The only use of this array in the code is three uses like this:
tmp = RCC->CFGR & CFGR_PPRE1_Set_Mask;
tmp = tmp >> 8;
presc = APBAHBPrescTable[tmp];
When I dump the values of tmp and presc I find that tmp has a value of 4 and presc has a value of 0. Index 4 is the 5th element of the array which has a value of 1. There are no other accesses or uses of this value...At all...Anywhere.
Question 2:
How might the value changed between it being declared?
When I dump the array I see it is filled with zeroes.
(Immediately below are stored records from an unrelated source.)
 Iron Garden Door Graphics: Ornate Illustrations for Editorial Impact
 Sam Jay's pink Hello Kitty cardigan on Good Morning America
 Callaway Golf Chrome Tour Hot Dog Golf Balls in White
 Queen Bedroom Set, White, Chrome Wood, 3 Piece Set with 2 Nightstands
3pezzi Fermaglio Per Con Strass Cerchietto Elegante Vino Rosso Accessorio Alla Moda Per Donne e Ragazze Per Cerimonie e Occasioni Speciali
It happens reliably...until I remove the __I from the array declaration. This makes me think it is not a buffer overflow. Other than that I cannot think of anything.
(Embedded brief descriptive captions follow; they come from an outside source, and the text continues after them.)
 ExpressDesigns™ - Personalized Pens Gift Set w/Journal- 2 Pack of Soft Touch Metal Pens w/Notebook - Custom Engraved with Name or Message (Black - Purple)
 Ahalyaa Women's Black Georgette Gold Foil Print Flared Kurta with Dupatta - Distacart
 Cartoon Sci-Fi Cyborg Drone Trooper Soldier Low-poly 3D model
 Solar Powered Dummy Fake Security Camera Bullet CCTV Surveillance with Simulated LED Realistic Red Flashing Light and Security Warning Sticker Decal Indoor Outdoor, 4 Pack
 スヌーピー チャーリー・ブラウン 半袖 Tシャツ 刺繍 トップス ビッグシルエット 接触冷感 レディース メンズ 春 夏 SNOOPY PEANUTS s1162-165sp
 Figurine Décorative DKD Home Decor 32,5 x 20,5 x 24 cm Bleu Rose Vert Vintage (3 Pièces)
I would think that the volatile keyword was there for a reason, except that I also saw code like the following in an interrupt handler where, as far as I understand, the volatile keyword is redundant:
volatile uint32_t status = USART2->SR;
This variable is local to the function and as such can never be changed by code elsewhere.
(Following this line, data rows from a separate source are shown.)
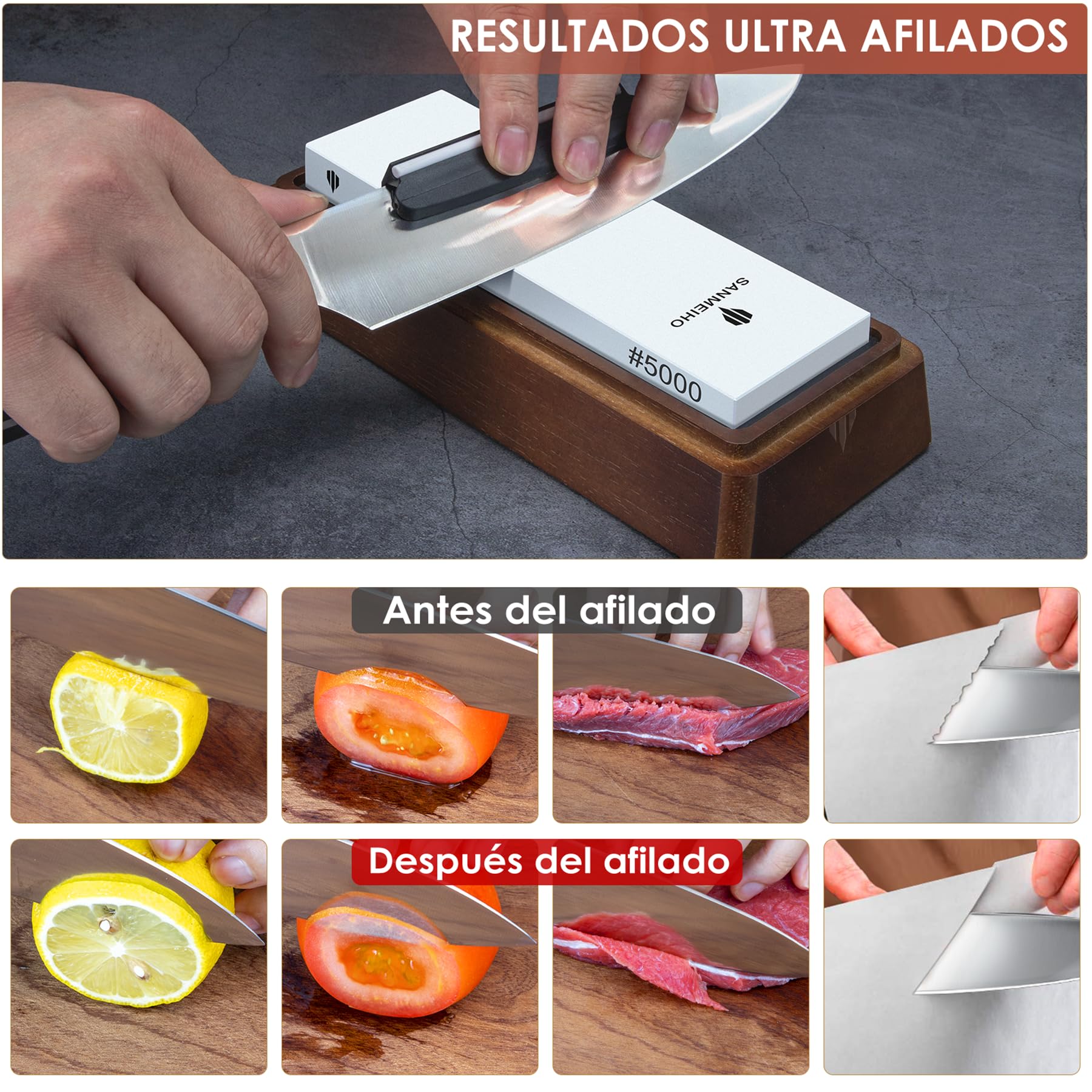 SANMEIHO Piedra de Afilar con Caja de Almacenamiento, Piedra Afilar Cuchillos Grano 1000/5000, Kit Afilador con Base Antideslizante, Guía de Ángulo y Piedra Niveladora para Cuchillos y Herramientas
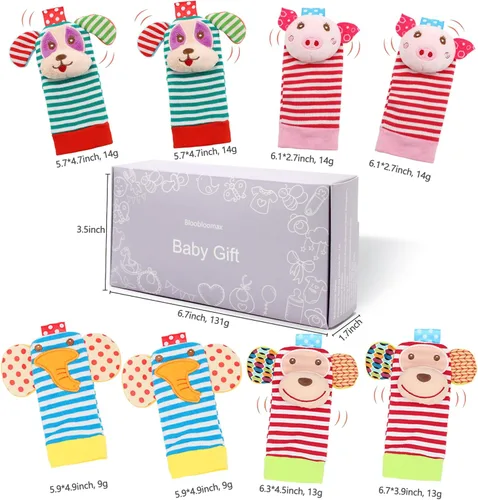 Miniatura 2 de BLOOBLOOMAX Sonajeros de calcetín para bebés 0-24 meses, juguetes educativos de animales para pies de bebé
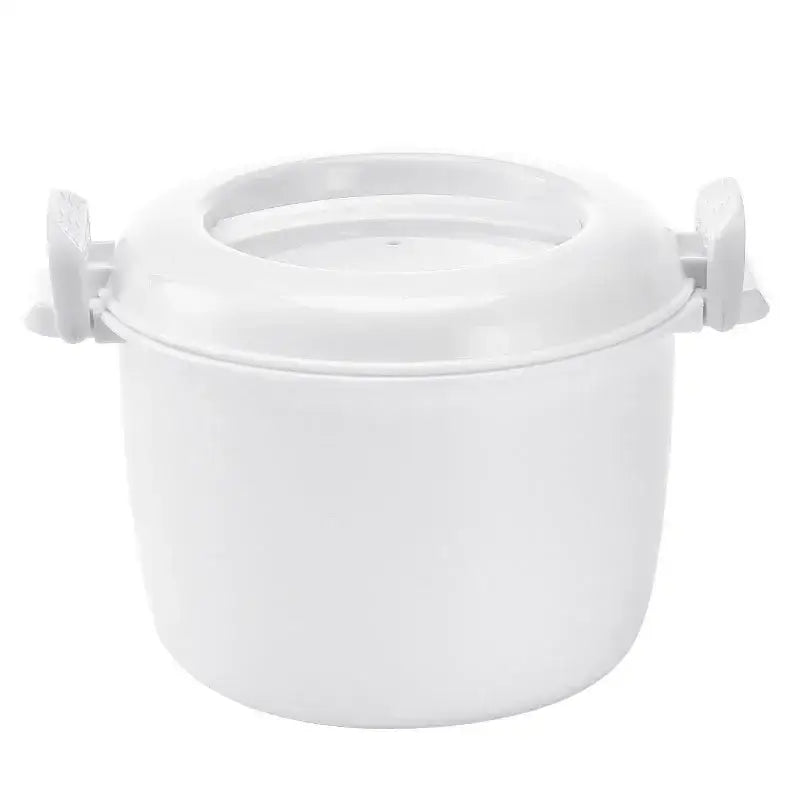 White plastic sterilization container with lid and handles for meal preparation in the DecorBites 6-in-1 cooking pot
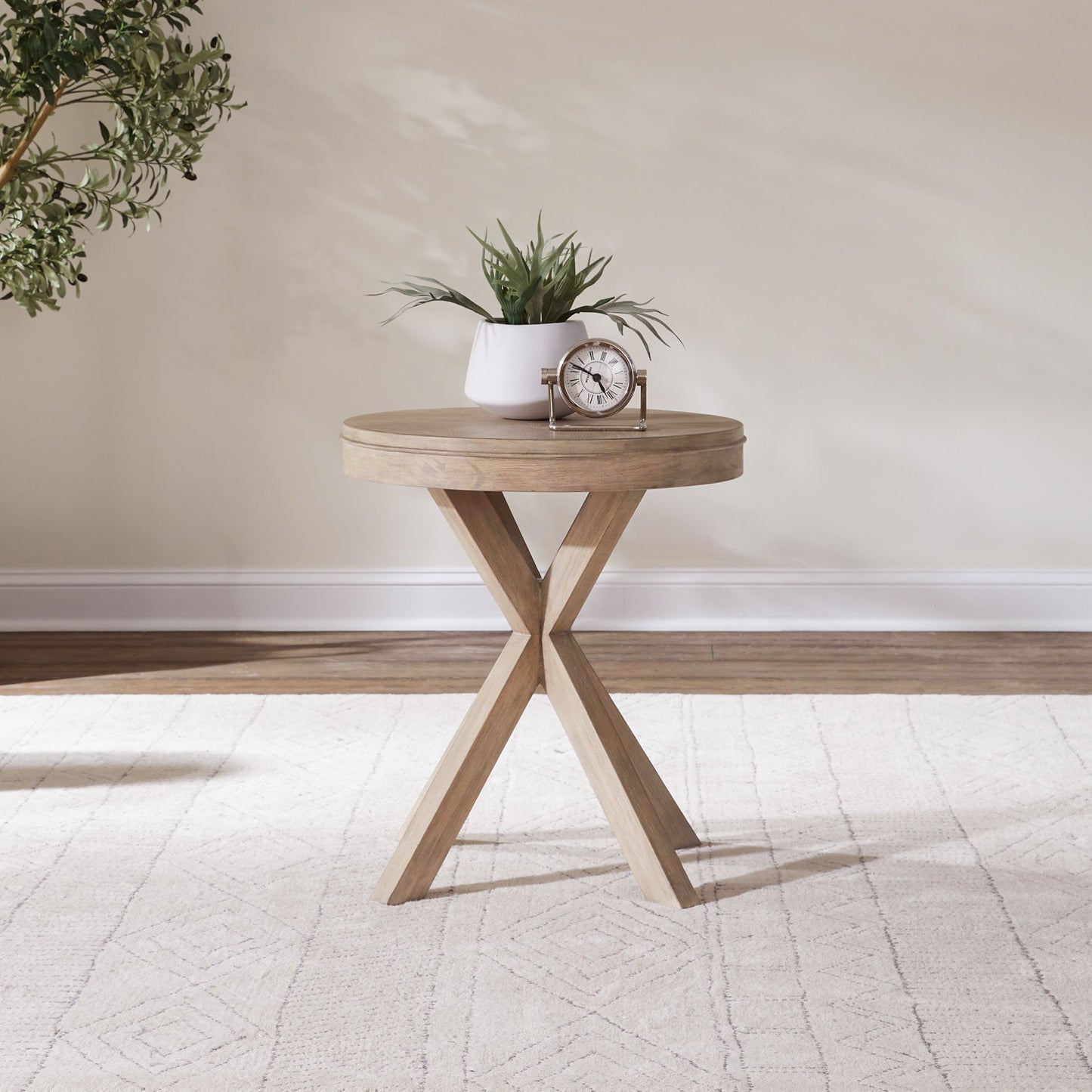 Brentwood - Round End Table - Sandstone - Hornell Furniture Outlet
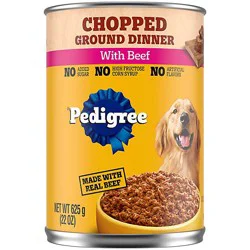 Pedigree Chopped Ground Dinner Beef Flavor Adult Canned Soft Wet Dog Food - 22 Oz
======== EXTRA DETAIL ========
Here is the annotated disassembly of the relevant piece of code. The value at (RCC_GetClocksFreq+128) is zero, but appears at some point to have had the address of the prescaler lookup table copied into it:
0x000001d0 <+56>: ldr r1, [pc, #68] ; (0x218 <RCC_GetClocksFreq+128>)
...
tmp = RCC->CFGR & CFGR_PPRE1_Set_Mask;
tmp = tmp >> 8;
0x000001de <+70>: ldr r4, [r2, #4]
0x000001e0 <+72>: ubfx r4, r4, #8, #3
presc = APBAHBPrescTable[tmp];
0x000001e4 <+76>: ldrb r4, [r1, r4]
RCC_Clocks->PCLK1_Frequency = RCC_Clocks->HCLK_Frequency >> presc;
0x000001e6 <+78>: lsr.w r4, r3, r4
0x000001ea <+82>: str r4, [r0, #8]
Here is the same, but with the volatile const macro replaced with const:
0x000001d0 <+56>: ldr r4, [pc, #68] ; (0x218 <RCC_GetClocksFreq+128>)
...
tmp = RCC->CFGR & CFGR_PPRE1_Set_Mask;
tmp = tmp >> 8;
0x000001de <+70>: ldr r1, [r2, #4]
0x000001e0 <+72>: ubfx r1, r1, #8, #3
presc = APBAHBPrescTable[tmp];
0x000001e4 <+76>: ldrb r1, [r4, r1]
RCC_Clocks->PCLK1_Frequency = RCC_Clocks->HCLK_Frequency >> presc;
0x000001e6 <+78>: lsr.w r1, r3, r1
0x000001ea <+82>: str r1, [r0, #8]
They are essentially identical. Yet somehow removing the volatile keyword solves the problem!
First, thanks for all the comments and answers that led me to this answer.
When the variable is defined without the "volatile" keyword it is put into a readonly section of the binary file.
When the variable is defined with the "volatile" keyword it is put in the same section of the binary file as all other variables.
I have recently found 3 buffer overruns and I am sure there are others. A lot of the code is not very well written. It is likely that when the "volatile" keyword is specified the variable is so placed in memory as to make it vulnerable to a buffer overrun. There is no reason at all for this particular variable to be marked as volatile so the simple fix is to remove that keyword. The proper fix is to do that and also track down the buffer overrun and fix it.